Your instructions: The listing below contains a span that opens with the line containing "girl (5-7), mother" and closes with the line containing "bathroom featuring a". Return that span exactly.

Materials provided:
====================
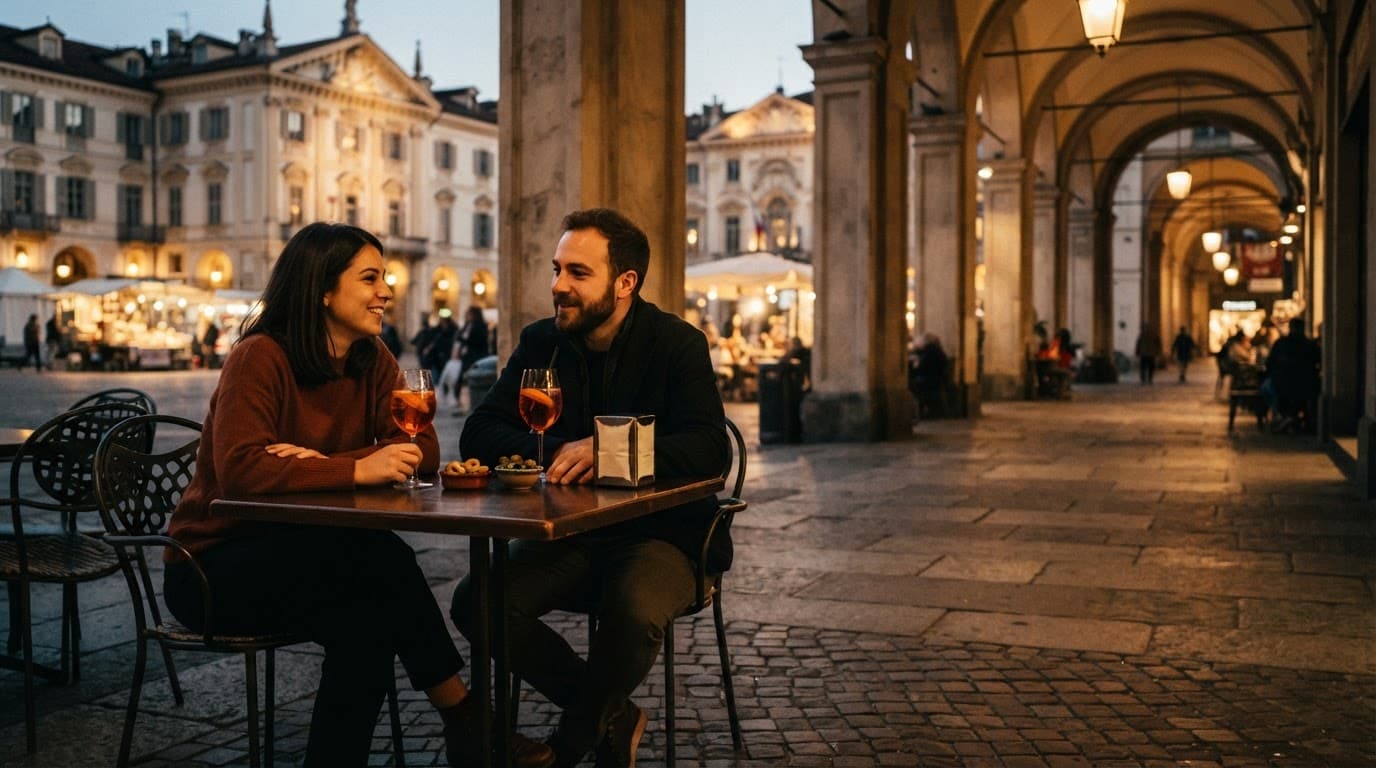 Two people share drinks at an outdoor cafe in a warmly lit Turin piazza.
====================
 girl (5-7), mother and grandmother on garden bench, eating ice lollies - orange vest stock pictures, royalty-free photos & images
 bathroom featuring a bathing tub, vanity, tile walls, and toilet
====================
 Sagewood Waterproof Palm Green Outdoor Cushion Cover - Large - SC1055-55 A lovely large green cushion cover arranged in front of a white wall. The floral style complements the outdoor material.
====================
Exercise response:
 girl (5-7), mother and grandmother on garden bench, eating ice lollies - orange vest stock pictures, royalty-free photos & images
 bathroom featuring a bathing tub, vanity, tile walls, and toilet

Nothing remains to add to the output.